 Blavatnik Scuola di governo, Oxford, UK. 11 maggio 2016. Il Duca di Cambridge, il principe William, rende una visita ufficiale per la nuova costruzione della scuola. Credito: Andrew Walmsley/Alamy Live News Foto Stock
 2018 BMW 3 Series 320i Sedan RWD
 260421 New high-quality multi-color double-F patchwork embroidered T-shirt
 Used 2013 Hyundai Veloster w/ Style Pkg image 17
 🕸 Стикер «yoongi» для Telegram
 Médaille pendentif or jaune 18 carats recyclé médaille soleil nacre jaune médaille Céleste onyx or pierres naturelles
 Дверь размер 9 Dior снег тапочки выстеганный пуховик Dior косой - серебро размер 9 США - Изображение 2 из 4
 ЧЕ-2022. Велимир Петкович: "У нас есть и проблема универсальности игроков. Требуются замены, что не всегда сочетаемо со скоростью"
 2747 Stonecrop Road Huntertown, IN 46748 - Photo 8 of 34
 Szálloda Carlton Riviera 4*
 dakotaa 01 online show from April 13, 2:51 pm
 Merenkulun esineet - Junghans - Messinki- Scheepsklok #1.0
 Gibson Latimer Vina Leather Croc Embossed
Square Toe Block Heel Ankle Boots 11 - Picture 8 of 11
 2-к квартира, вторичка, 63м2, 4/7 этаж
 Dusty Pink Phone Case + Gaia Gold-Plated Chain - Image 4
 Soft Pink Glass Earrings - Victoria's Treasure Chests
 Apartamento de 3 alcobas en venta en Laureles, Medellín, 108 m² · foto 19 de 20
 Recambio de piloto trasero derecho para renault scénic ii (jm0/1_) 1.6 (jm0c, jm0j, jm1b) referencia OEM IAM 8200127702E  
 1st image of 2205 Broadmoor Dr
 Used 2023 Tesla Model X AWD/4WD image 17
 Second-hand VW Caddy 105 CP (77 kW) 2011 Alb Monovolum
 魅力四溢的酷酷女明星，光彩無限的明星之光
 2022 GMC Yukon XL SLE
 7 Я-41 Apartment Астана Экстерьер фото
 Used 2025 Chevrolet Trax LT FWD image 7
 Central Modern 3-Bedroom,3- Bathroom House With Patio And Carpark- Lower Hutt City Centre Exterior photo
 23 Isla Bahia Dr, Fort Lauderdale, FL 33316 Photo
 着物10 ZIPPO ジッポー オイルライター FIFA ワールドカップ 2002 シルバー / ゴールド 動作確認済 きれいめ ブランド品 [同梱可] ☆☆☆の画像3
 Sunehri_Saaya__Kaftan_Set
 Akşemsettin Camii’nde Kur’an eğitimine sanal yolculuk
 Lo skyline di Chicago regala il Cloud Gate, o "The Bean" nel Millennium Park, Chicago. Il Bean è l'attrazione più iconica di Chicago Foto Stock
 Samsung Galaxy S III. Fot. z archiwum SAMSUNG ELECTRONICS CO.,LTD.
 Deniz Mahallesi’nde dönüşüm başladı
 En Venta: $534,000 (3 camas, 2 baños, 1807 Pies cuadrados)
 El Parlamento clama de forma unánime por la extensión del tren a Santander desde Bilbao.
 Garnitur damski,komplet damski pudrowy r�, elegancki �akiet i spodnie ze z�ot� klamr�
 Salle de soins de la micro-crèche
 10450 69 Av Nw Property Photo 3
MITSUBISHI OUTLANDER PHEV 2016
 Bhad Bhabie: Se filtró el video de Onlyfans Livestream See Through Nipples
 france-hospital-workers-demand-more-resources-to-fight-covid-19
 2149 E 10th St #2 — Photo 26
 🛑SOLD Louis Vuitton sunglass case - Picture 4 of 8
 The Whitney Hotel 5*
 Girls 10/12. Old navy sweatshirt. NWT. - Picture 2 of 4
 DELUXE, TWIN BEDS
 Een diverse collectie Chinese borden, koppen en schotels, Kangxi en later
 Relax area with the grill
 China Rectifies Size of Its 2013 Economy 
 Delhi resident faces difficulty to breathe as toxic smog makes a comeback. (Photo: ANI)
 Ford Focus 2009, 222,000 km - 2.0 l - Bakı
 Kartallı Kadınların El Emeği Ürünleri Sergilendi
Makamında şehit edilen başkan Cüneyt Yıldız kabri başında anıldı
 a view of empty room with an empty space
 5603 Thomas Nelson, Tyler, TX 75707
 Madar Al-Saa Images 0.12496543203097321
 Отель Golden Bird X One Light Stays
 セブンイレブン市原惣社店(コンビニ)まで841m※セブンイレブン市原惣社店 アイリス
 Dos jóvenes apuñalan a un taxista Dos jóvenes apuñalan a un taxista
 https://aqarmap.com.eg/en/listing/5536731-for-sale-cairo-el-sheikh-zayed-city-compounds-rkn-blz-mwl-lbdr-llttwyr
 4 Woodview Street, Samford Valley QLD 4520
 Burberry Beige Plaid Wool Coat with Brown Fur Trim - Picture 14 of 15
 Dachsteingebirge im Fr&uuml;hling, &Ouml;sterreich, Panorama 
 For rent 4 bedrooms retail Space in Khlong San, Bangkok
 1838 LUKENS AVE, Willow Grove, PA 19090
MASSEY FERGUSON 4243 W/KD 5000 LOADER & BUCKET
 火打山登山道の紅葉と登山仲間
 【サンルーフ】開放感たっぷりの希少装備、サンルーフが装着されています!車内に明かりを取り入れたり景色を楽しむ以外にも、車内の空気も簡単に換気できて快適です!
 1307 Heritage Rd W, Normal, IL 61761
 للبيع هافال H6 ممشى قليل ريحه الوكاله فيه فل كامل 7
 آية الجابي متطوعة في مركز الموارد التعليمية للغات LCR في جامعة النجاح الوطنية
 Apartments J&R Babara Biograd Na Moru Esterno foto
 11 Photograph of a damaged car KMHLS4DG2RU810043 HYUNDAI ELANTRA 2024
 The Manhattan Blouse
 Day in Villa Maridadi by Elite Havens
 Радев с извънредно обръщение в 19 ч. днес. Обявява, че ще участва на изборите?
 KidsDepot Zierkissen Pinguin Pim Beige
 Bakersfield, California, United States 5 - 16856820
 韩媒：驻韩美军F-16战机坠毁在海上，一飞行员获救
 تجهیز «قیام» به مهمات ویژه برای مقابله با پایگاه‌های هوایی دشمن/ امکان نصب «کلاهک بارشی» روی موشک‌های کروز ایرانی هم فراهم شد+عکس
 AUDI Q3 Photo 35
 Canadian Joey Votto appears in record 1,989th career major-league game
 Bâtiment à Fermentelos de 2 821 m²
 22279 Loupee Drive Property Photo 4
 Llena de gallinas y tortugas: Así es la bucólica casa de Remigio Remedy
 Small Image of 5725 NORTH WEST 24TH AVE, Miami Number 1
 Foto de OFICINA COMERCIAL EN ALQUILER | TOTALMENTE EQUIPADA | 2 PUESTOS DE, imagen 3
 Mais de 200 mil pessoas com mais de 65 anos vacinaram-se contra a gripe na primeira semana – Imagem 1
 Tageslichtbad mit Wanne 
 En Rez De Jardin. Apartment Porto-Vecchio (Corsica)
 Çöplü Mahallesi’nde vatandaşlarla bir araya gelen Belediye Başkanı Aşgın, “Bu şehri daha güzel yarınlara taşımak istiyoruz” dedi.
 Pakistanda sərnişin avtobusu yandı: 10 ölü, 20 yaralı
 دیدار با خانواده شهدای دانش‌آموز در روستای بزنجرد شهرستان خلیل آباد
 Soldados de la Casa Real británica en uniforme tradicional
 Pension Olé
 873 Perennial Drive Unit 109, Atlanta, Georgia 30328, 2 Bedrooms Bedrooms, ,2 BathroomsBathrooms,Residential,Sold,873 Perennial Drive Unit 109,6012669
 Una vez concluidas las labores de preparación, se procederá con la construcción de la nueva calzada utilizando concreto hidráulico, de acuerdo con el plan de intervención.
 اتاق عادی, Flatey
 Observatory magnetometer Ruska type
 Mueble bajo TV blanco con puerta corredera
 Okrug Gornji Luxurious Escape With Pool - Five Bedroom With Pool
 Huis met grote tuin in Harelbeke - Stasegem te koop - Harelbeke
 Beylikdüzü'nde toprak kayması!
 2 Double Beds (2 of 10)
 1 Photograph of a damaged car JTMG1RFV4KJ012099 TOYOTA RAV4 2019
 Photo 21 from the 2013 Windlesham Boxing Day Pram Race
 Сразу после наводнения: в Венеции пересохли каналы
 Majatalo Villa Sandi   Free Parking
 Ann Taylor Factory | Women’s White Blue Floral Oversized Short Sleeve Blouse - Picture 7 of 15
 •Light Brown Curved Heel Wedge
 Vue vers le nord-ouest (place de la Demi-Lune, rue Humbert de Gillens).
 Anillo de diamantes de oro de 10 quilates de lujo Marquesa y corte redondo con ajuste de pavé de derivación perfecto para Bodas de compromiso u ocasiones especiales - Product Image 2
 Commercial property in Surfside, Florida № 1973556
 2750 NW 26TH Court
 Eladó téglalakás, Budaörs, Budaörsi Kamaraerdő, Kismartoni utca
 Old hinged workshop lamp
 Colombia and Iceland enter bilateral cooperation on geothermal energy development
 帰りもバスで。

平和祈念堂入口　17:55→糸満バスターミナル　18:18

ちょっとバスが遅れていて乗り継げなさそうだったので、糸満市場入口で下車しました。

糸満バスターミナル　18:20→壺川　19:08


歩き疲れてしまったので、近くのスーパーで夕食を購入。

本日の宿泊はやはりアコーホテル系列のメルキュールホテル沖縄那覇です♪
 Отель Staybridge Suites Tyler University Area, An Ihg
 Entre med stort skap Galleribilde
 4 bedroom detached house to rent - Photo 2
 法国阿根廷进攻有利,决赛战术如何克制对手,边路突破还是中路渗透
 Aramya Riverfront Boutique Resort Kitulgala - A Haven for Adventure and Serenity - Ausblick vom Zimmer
== == ==
All lines of the material that contain the word "rent" should be listed.

**Exercise solution:**
 For rent 4 bedrooms retail Space in Khlong San, Bangkok
 4 bedroom detached house to rent - Photo 2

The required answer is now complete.